Thenga Chammanthi is a perfect dish when we think of homely food. If I can get a plate of pazhankanji & a spoon of thenga chammanthi, it will be like I got heaven, happier than eating a burger or a pizza. Before going to boarding school, mom will be waiting for me with rice and chammanthi along with some other dishes every evening for my return from school. But I use to have more of chammanthi than any other side-dish. And if it is there with some PachaMoru, I’ll be the happiest one. In Kerala, chammanthi is prepared on ammikallu (which is rare one now, but my grandma is having one which I used to prepare chammanthi this time) before the wide use of mixer grinders, which tastes heavenly and no mixer grinder can give you that taste. It is an excellent accompaniment for dosa & idli, apart from rice.

1. Grated Coconut – of one full coconut
2. Dried red chilies – 2 nos. (Can add more according to your spice level)
3. Shallots – 6 nos., sliced
4. Ginger – 1 inch length, chopped
5. Tamarind – size of a small lemon
6. Salt – to taste
7. Curry leaves – 1-2 sprig
8. Oil – 1 tbsp.

1. Heat the oil in a pan, into which add shallots, chopped ginger, curry leaves and dried red chilies. Saute it for 2-3 minutes till it releases a roasted smell.

2. Then add coconut and mix well, and saute it for a minute or two. (N.B: do not brown coconut)

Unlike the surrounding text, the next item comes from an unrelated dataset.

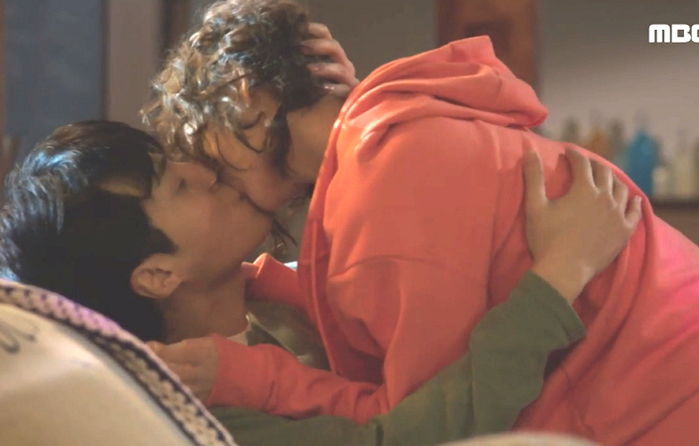 “8년 지기 남사친과 술먹다 홧김에 사고를 쳤습니다”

3. Remove it from fire & allow it cool.

4. Now mix tamarind & salt to this mixture.

5. Ground it in the smallest jar of the mixer grinder, ideally with no water. (If needed sprinkle a little of water to aid it in grinding)

6. Serve it along rice, dosa or idli.


- If you don’t have dried red chilies, you can use around 2tsp. chili powder instead.

- You can use green chilies instead of dried red chilies, which gives you a white chammanthi.